いやー、ほんと勘弁してよNSA。メールや携帯電話の通話がすべて記録され、監視されていたなんて……。NSAが10年間にわたって、メルケル独首相の携帯電話を盗聴していたことも、スノーデンのリークによって明るみになりました。なぜ、NSAは同盟国であるドイツ首相の携帯電話を盗聴したのか?
この問いに対して、本書の中でジョン・マケイン上院議員はこう答えています。
「なぜそうしたかというと、そうすることができたからでしょう」
本書の編集が大詰めを迎えている頃、オバマ大統領が来日しました。そのとき頭によぎったのは、日本にとって、スノーデン事件がTPP交渉の前に起きていたことが幸運だったかもしれない、ということでした。さすがにNSAも、今は盗聴という名の情報収集を控えているはずです。もしスノーデンのおかけで、日本の手の内が米国に筒抜けにならずに済んだとしたら、彼に感謝しないといけないと感じました。
スクープをめぐる政府機関とマスメディアの息詰まる攻防
スノーデンが情報リーク先に選んだマスメディアの一つが英国『ガーディアン』紙でした。同紙はスノーデンから得た情報をもとにした米国政府の情報収集に関する報道で、『ワシントン・ポスト』とともに、2014年のピュリッツァー賞(公益部門)を獲得しました。
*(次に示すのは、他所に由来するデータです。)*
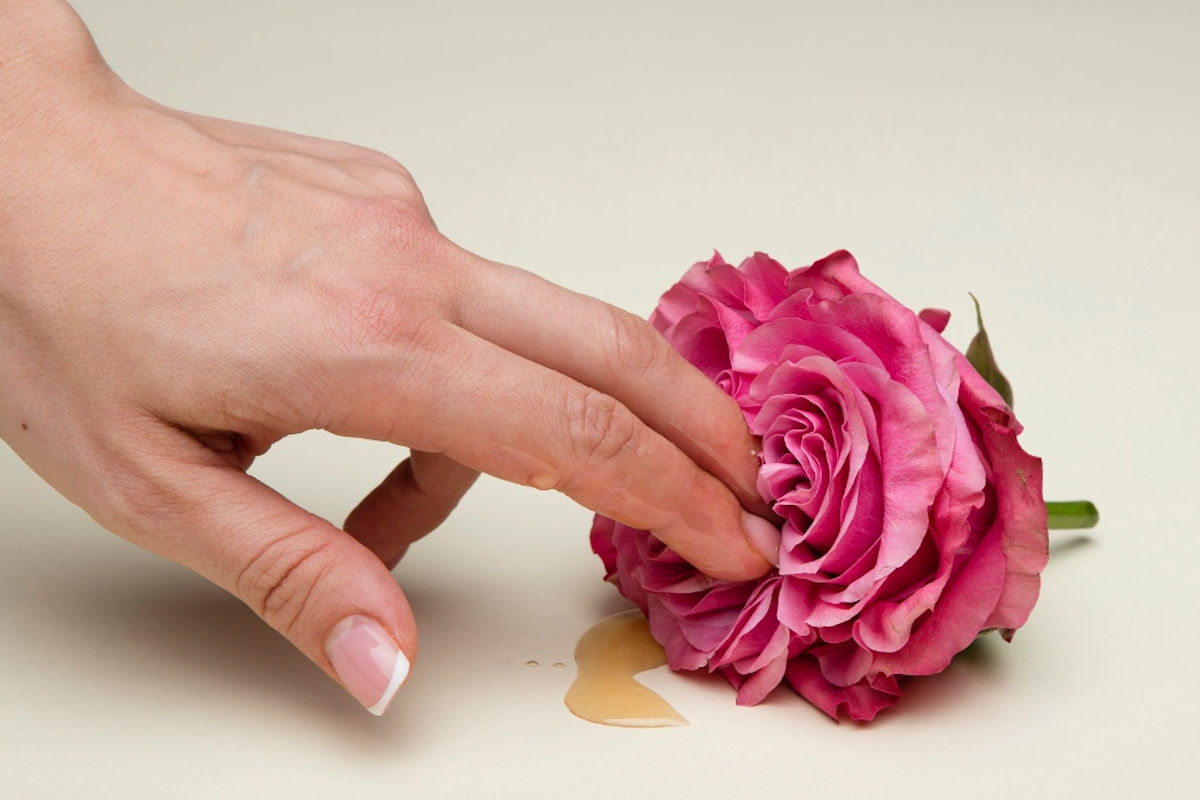 Estimulación zonas erógenas femeninas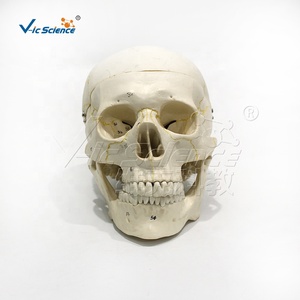 Modelo de Esqueleto Cranial con Mandíbula Móvil, Dientes Extraíbles y <span class=keywords><strong>Suturas</strong></span> Incizadas - PVC Importado - Product Image 2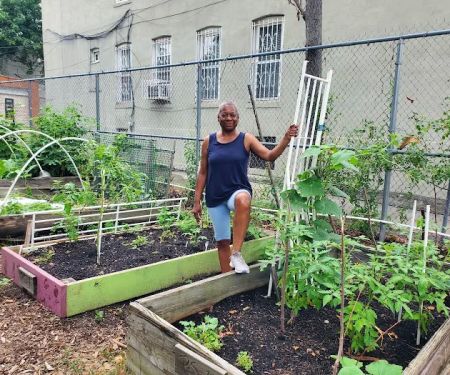 Positive Seeds of Life Garden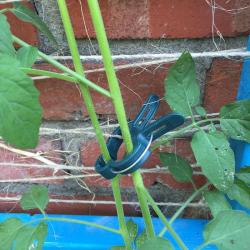 Merco PlantClip 20 upínací spony na rostliny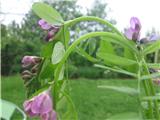 Obplotna grašica (Vicia sepium)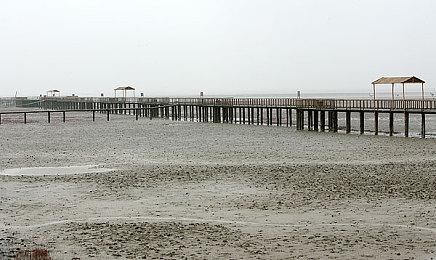 白金工作室新作《太阳登陆舰》公开合体系统视频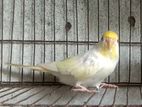 Adult Budgerigar pair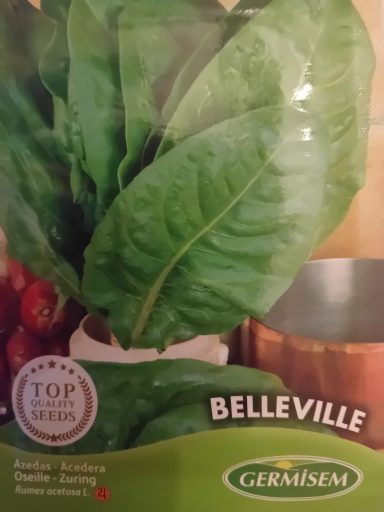 Oseille Germisem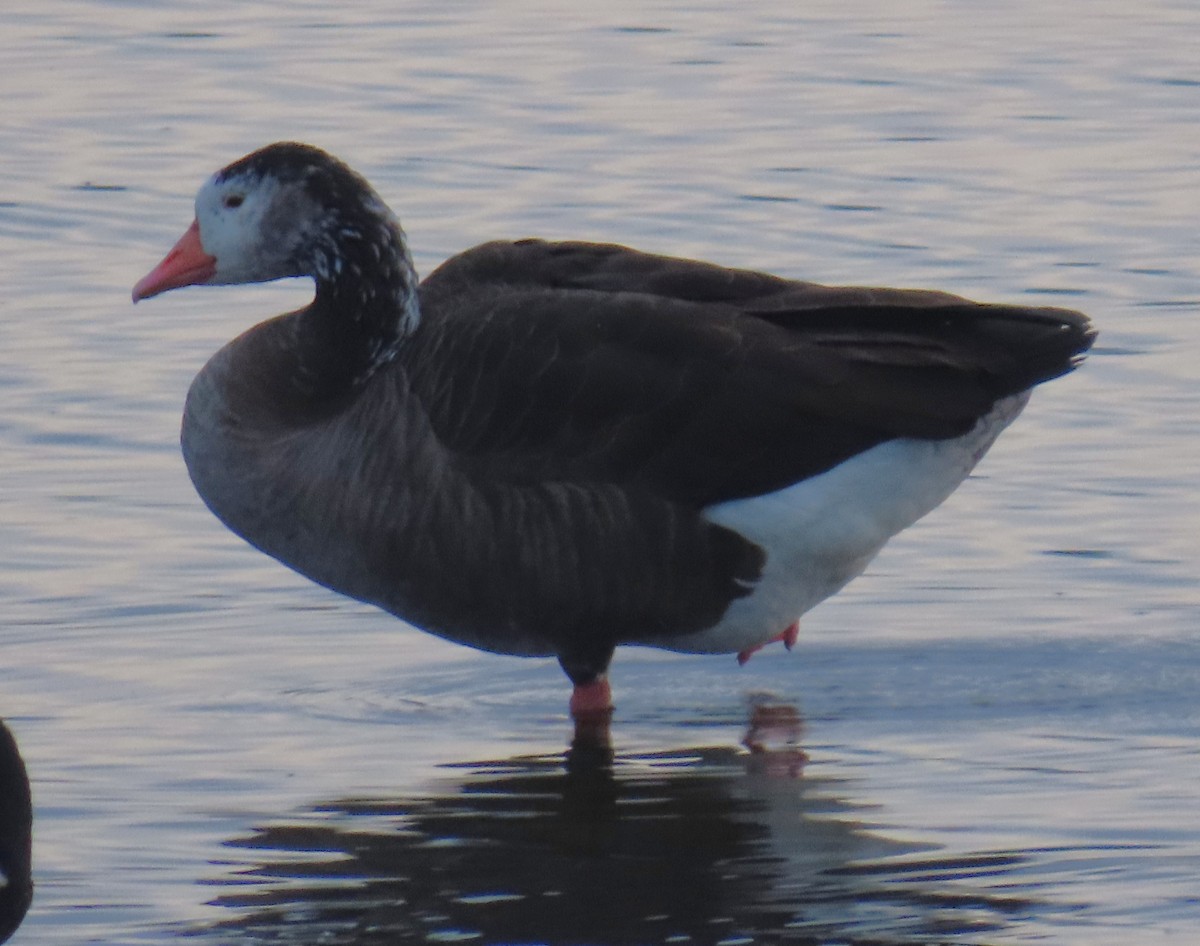 Domestic goose sp. x Canada Goose (hybrid) - ML646214964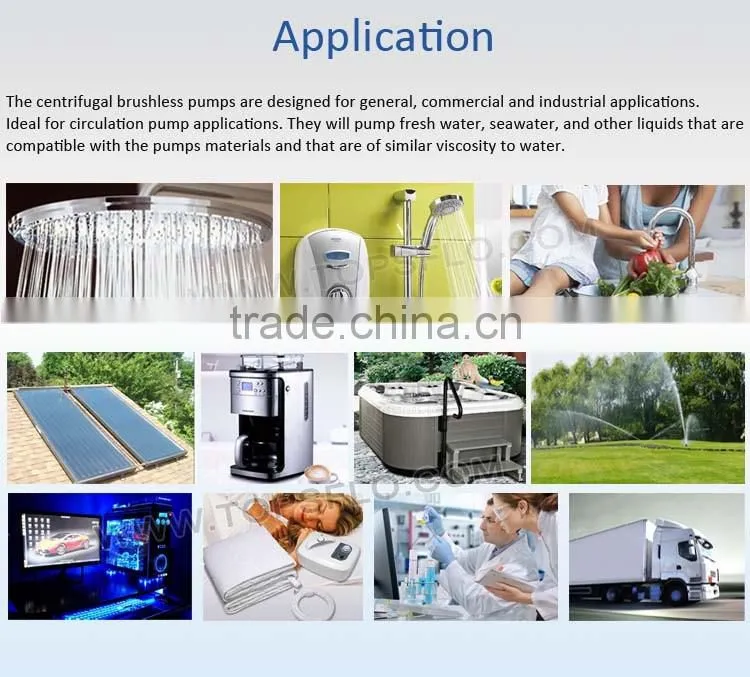 Circulation DC brushless 12v 24v cooling capacity chiller pump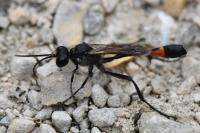 Ammophila sabulosa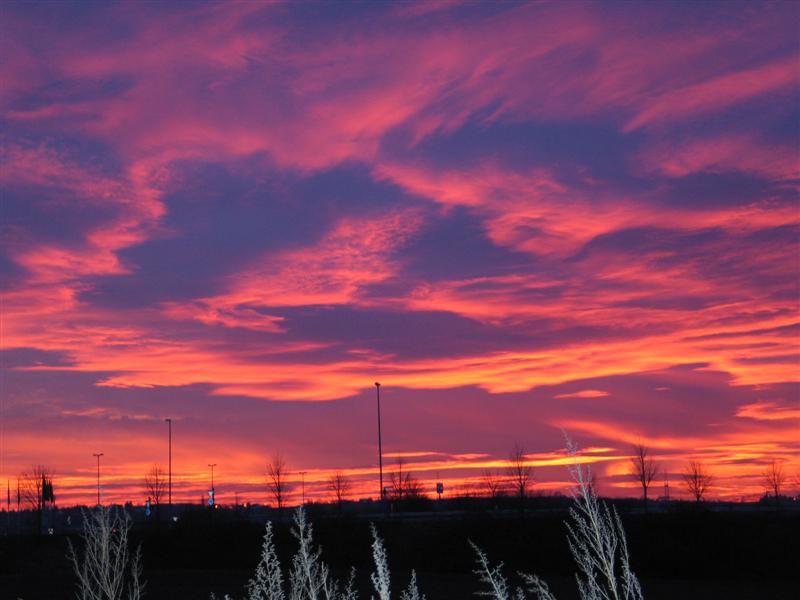 Feuerhimmel im Winter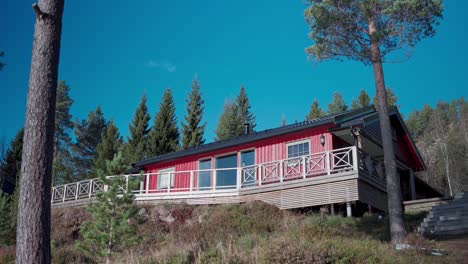 red cabin surrounded by green forest during sunny day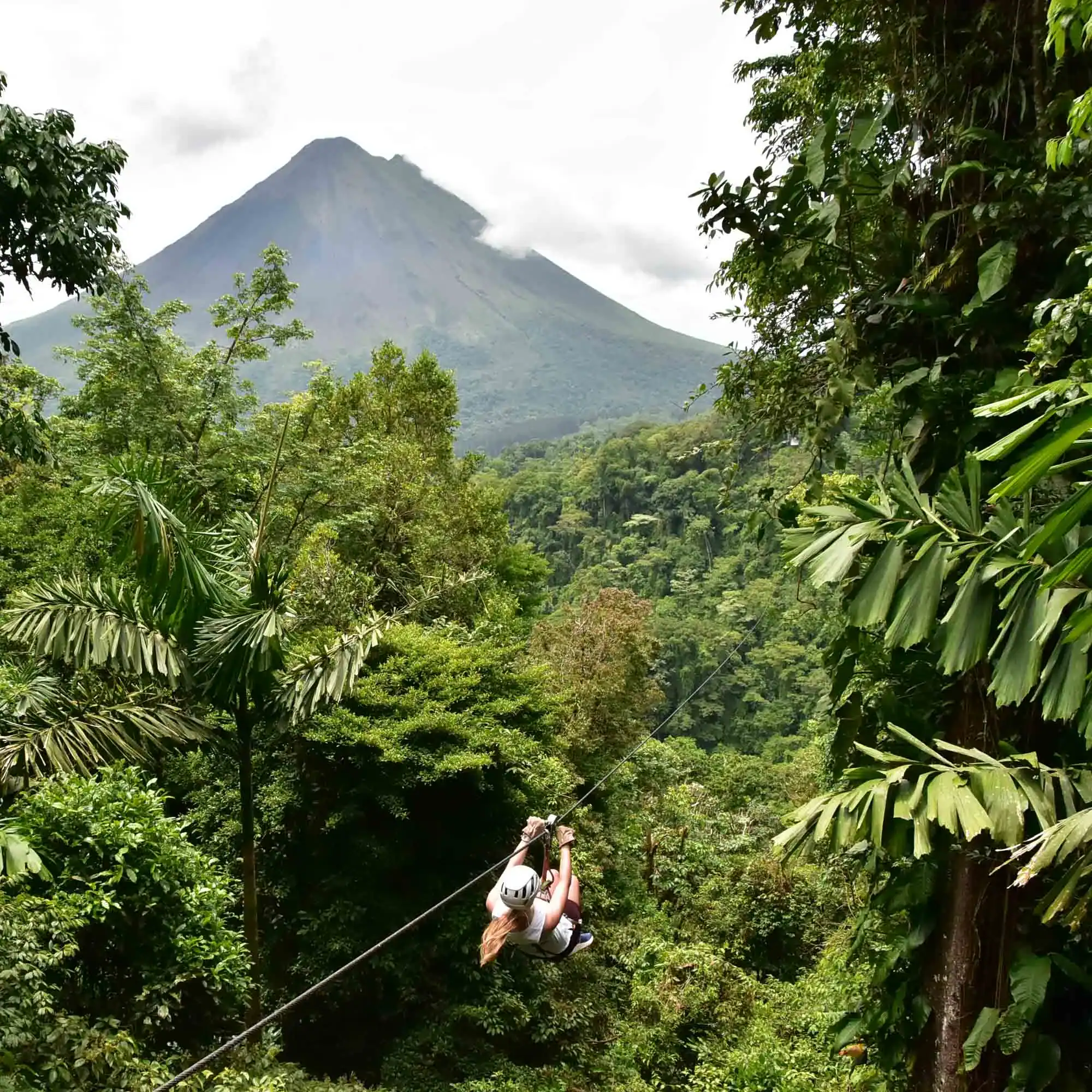 A person zip-lining through lush green forest with a large conical mountain in the background.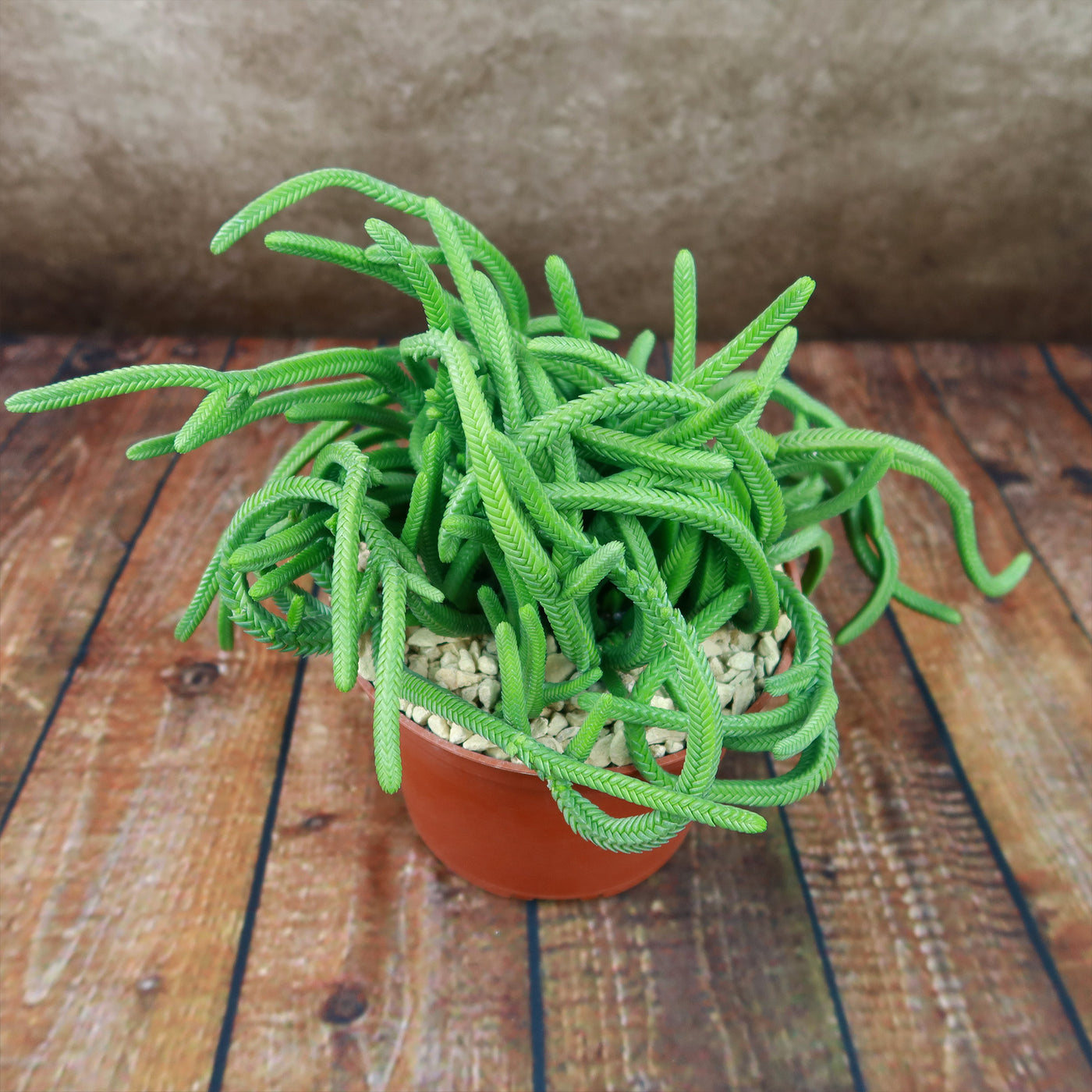 watch chain plant hanging Giant Watch Chain Succulent ‘Crassula imperialis’ 4" Pot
本書の著者、ルーク・ハーディングは同紙の海外特派員です。スノーデンが明らかにした衝撃の事実の数々を報道しようとするガーディアンと、それを阻むためにさまざまな圧力をかける米英の政府・情報機関との攻防も克明に描いています。
なかでも、英政府機関のスタッフがガーディアンにやってきて、スノーデンファイルが入っているコンピューターを破壊するシーンがあり、報道の自由のあり方や、国民の知る権利と国益との関係などを考えさせられました。そうした視点から本書を読んでいただくのもおすすめです。